● **Listed records**:

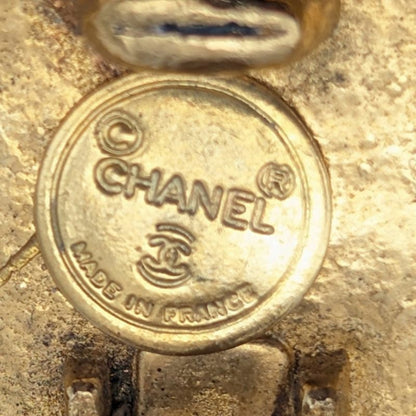 Chanel Earrings Camellia Faux Pearl Gold Large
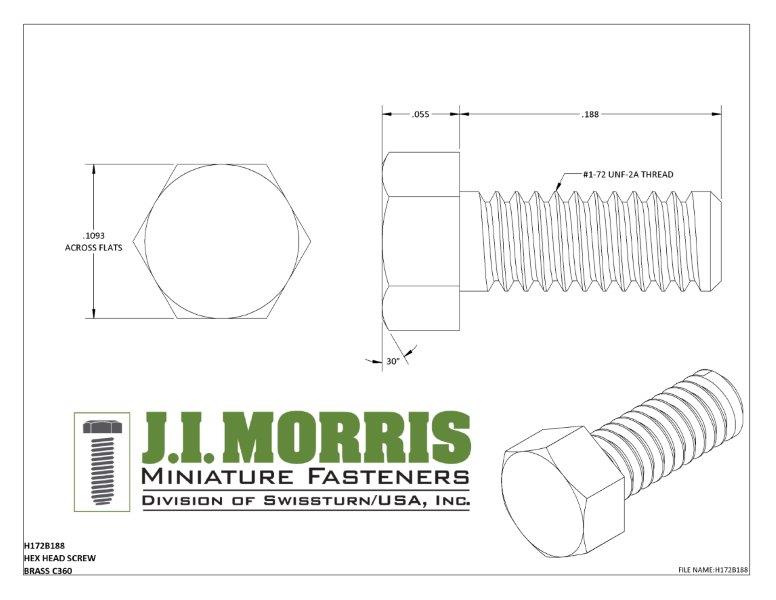1-72 x 3/16 SCREW-HEX HEAD SCREW-BRASS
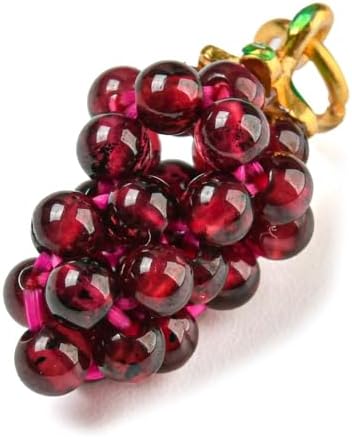 [BEROZA] 10個 3D ブドウ型 天然ガーネットペンダント ヒーリングクリスタルストーン フルーツチャーム ジュエリー製作用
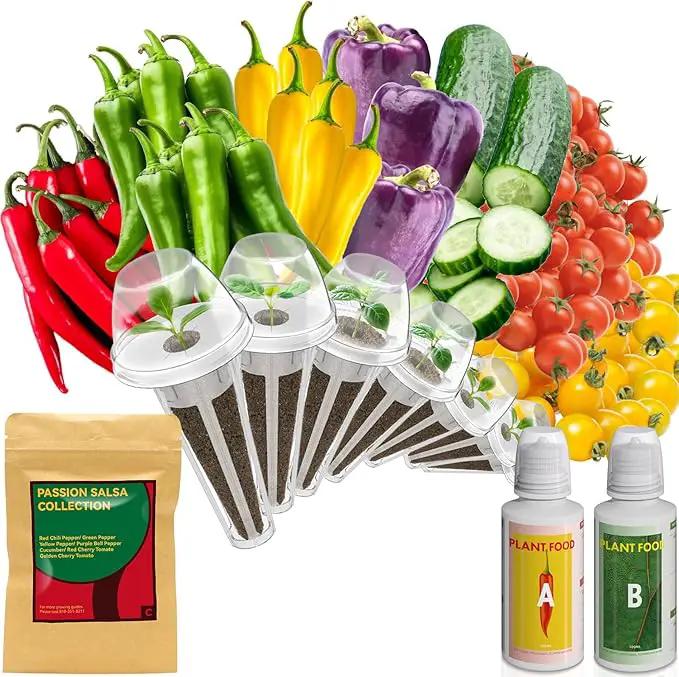 Salsa Garden Seed Pod Kit for AeroGarden, iDoo, Ahopegarden Hydroponic System, 400+ Seeds Includes Red Chili, Green, Yellow, and Purple Bell Pepper, Cucumber, Red/Golden Cherry Tomato (7-Pod) by GreenHaven Gardens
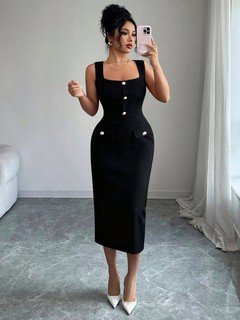 Dress only front view of the black button-front square-neck fitted pinafore midi dress, showing the silhouette and fit.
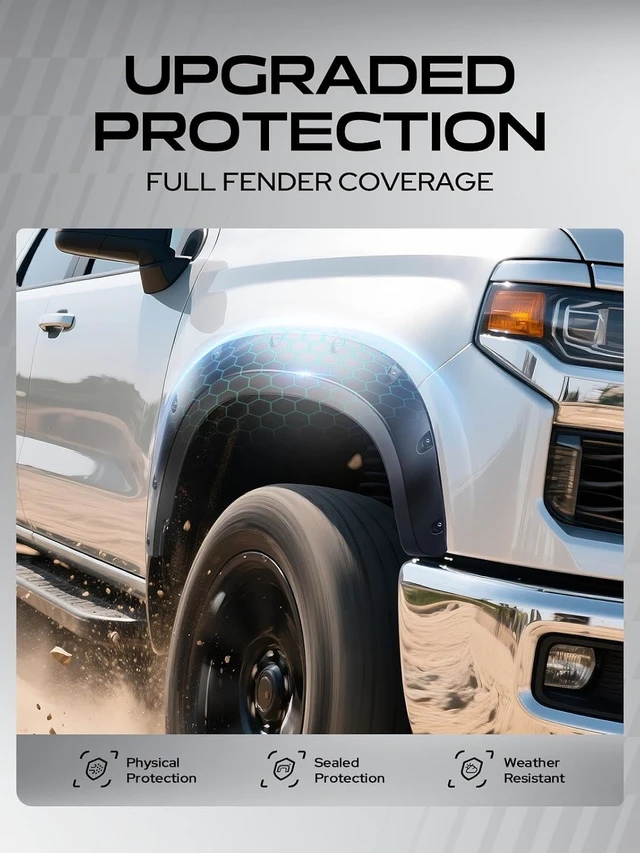 Alt view image 6 of 7 - Pocket Bolt-Riveted Style Fender Flares w/Hardware Kit for Chevy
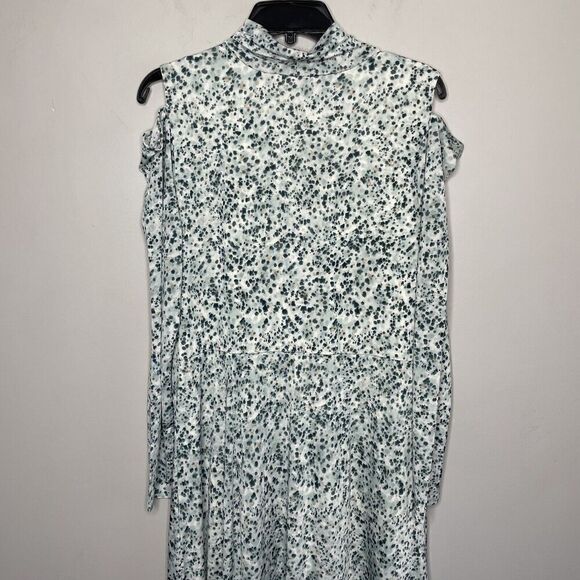 ELOQUII Dress Womens 16 Slash Shoulder Midi NEW Green Dot Print Long Sleeve - Picture 10 of 15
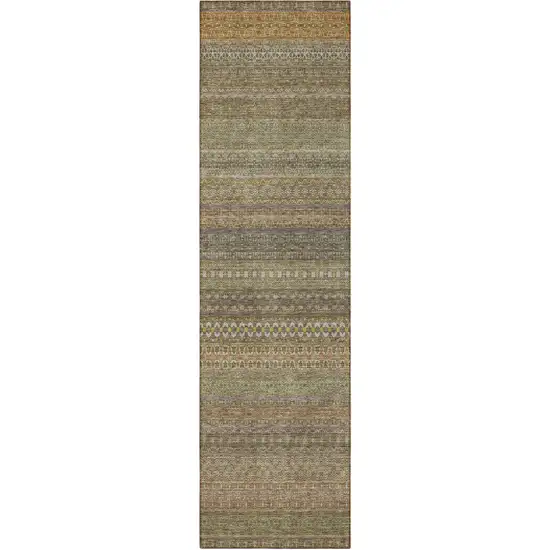 8' Runner Khaki Striped Washable Non Skid Indoor Outdoor Runner Rug Photo 2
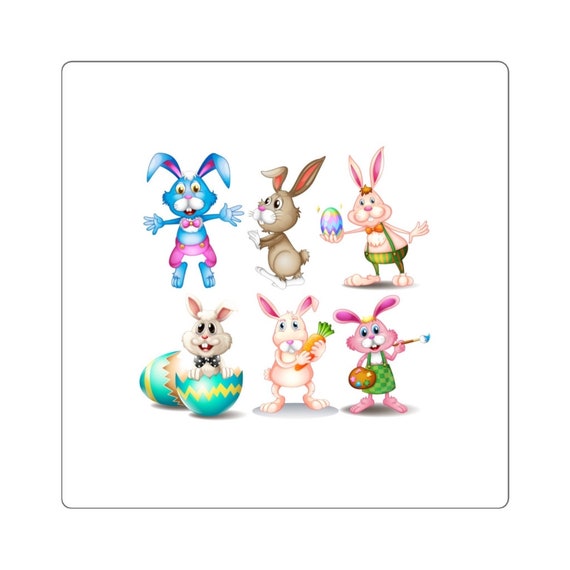 Square Stickers - easter, happy easter, bunny, rabbit, eggs, celebrate, family, fun, church, kids, children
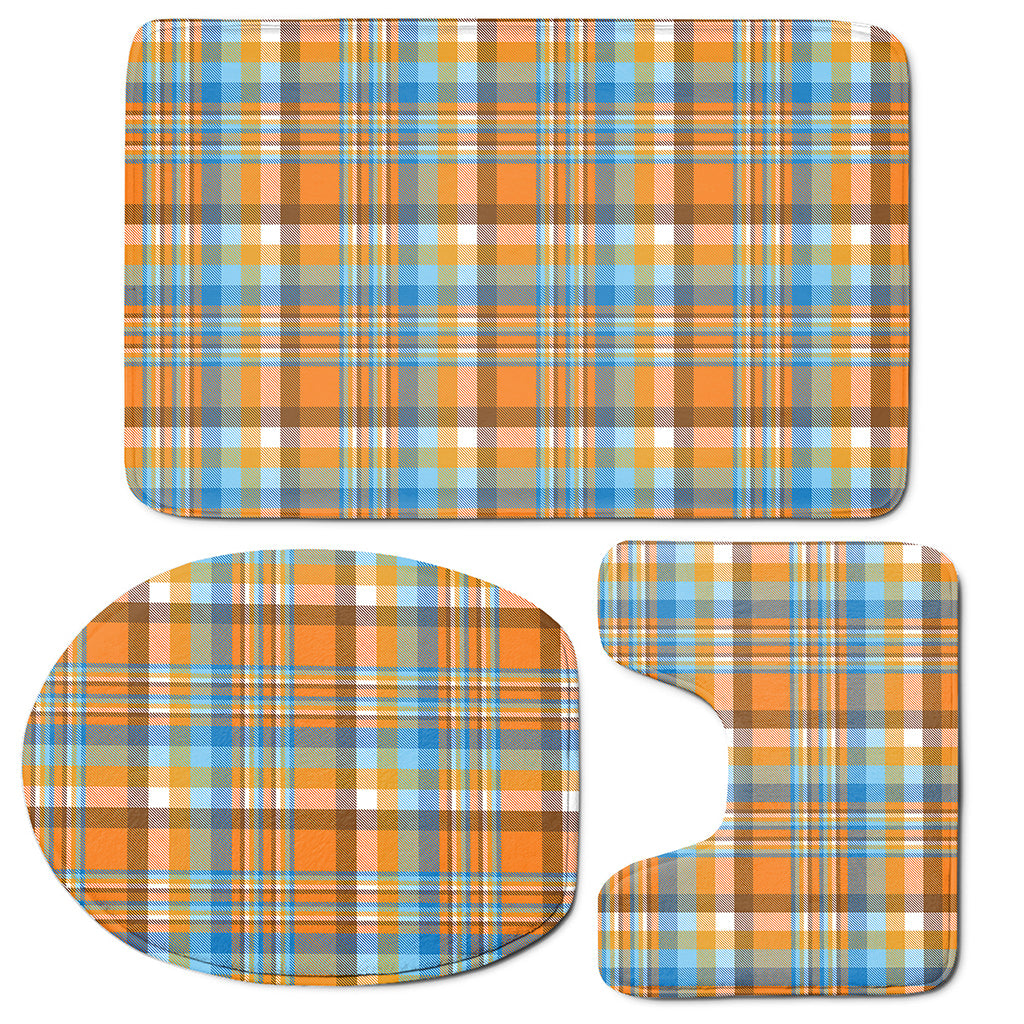 Orange And Blue Madras Pattern Print 3 Piece Bath Mat Set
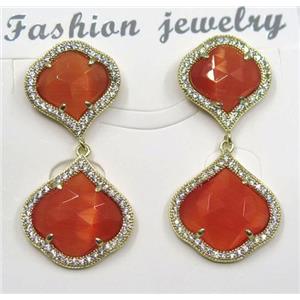 red cat eye stone earring pave zircon, clover, approx 13x13mm, 16x16mm [GMPDA8390]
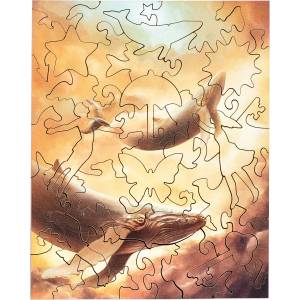 PIECEZZ Дървен пъзел Piecezz, 40 части - Летящи китове (P1309)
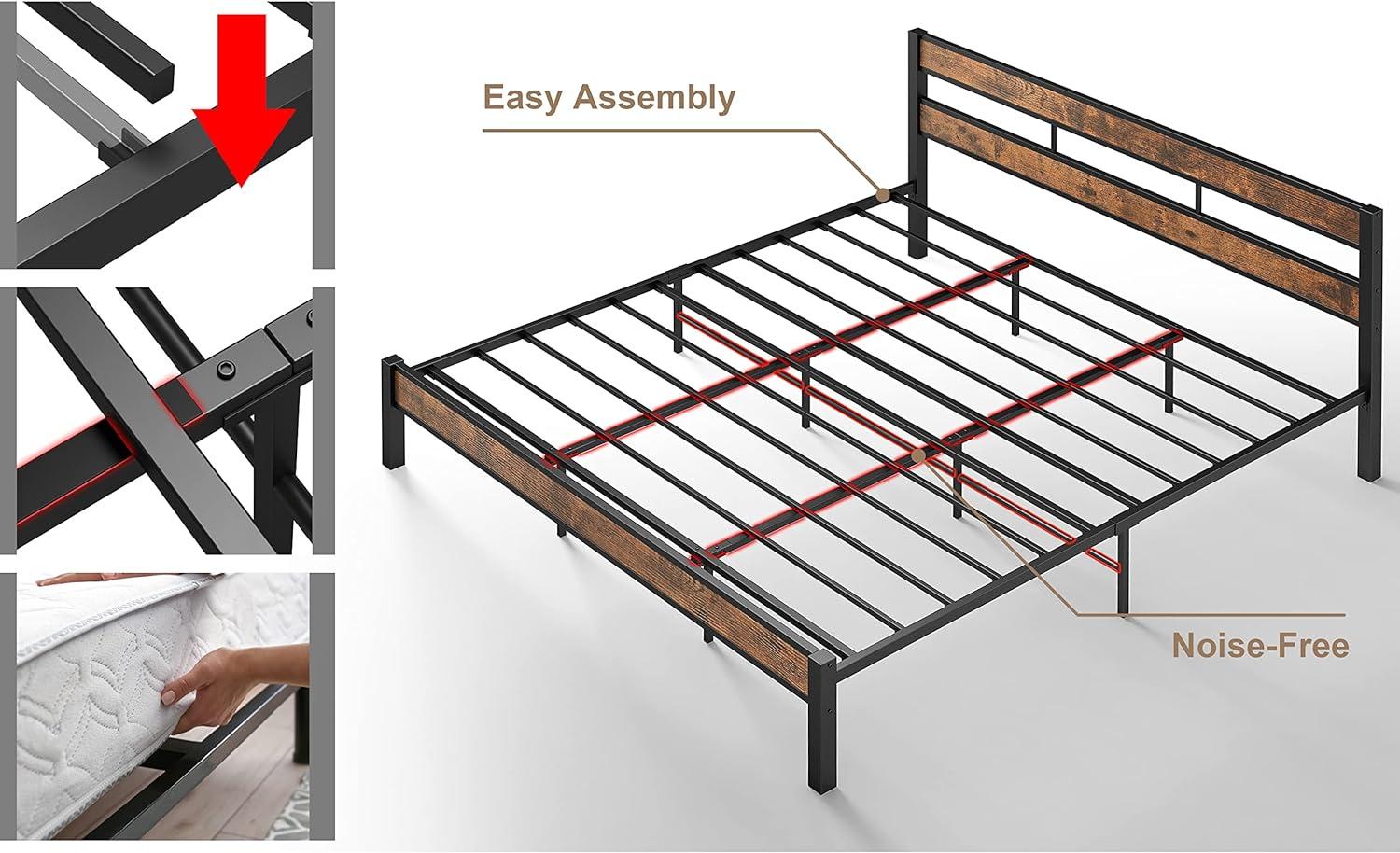 Platform Metal Bed Frame with Headboard Heavy Duty, Noise-Free, Queen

● **Problem description**:
Print only the lines from the opening line of the listing to the line containing "Dress only front", inclusive, exactly as they appear and without pictures.

● **Task result**:
 Chanel Earrings Camellia Faux Pearl Gold Large
1-72 x 3/16 SCREW-HEX HEAD SCREW-BRASS
 [BEROZA] 10個 3D ブドウ型 天然ガーネットペンダント ヒーリングクリスタルストーン フルーツチャーム ジュエリー製作用
 Salsa Garden Seed Pod Kit for AeroGarden, iDoo, Ahopegarden Hydroponic System, 400+ Seeds Includes Red Chili, Green, Yellow, and Purple Bell Pepper, Cucumber, Red/Golden Cherry Tomato (7-Pod) by GreenHaven Gardens
 Dress only front view of the black button-front square-neck fitted pinafore midi dress, showing the silhouette and fit.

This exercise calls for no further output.